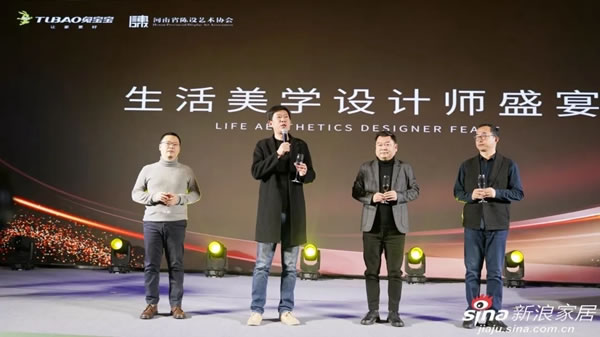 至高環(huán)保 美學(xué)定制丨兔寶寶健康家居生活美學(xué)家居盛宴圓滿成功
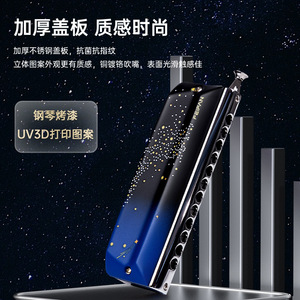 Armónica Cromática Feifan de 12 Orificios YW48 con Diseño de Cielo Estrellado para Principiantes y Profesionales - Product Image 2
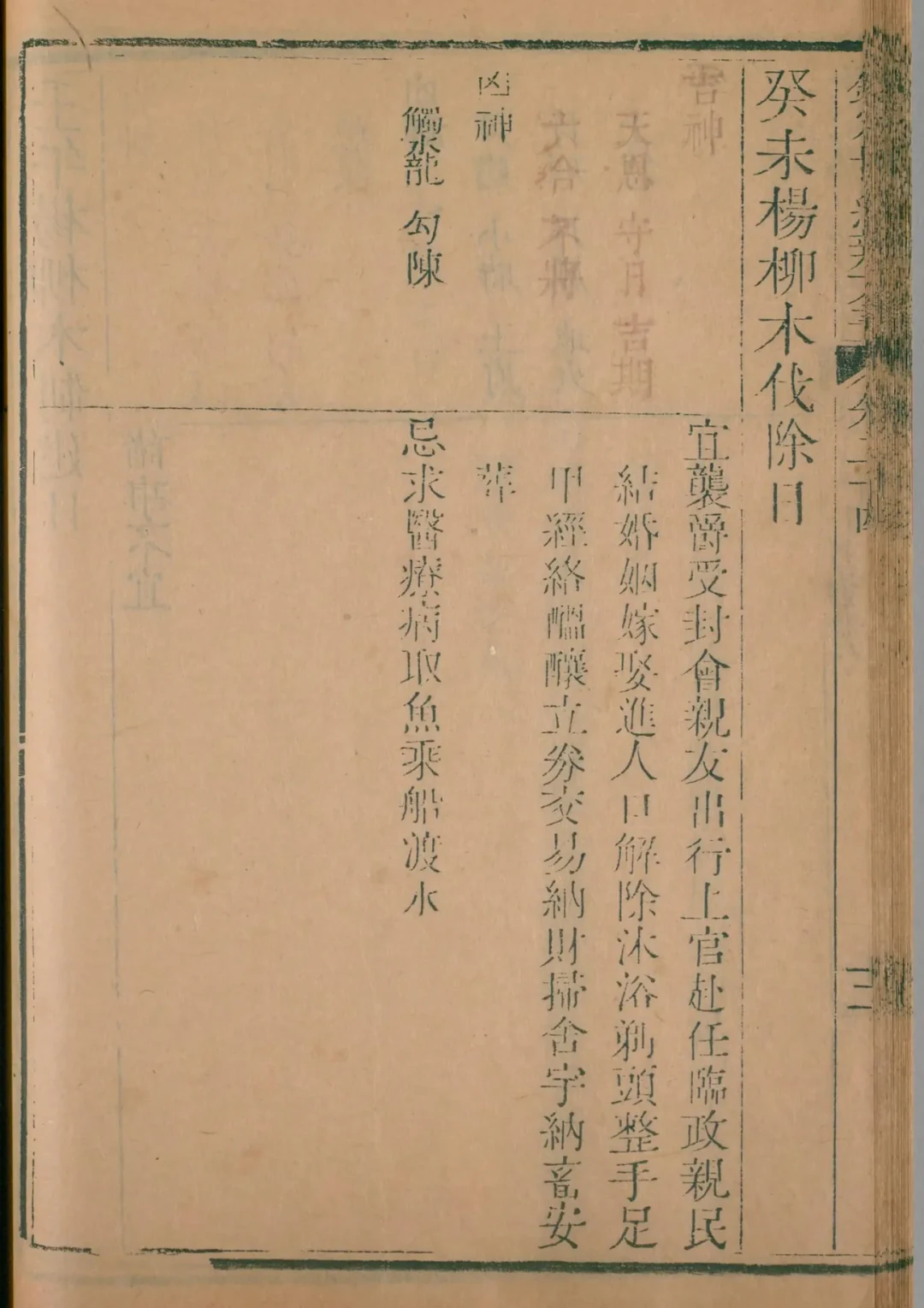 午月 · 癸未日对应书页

= TASK PROMPT =
Your copy should hold exactly the lines from the one that contains "Armónica Cromática Feifan" through the final line of the data, both ends included, and no pictures.

= TASK RESULT =
 Armónica Cromática Feifan de 12 Orificios YW48 con Diseño de Cielo Estrellado para Principiantes y Profesionales - Product Image 2
 午月 · 癸未日对应书页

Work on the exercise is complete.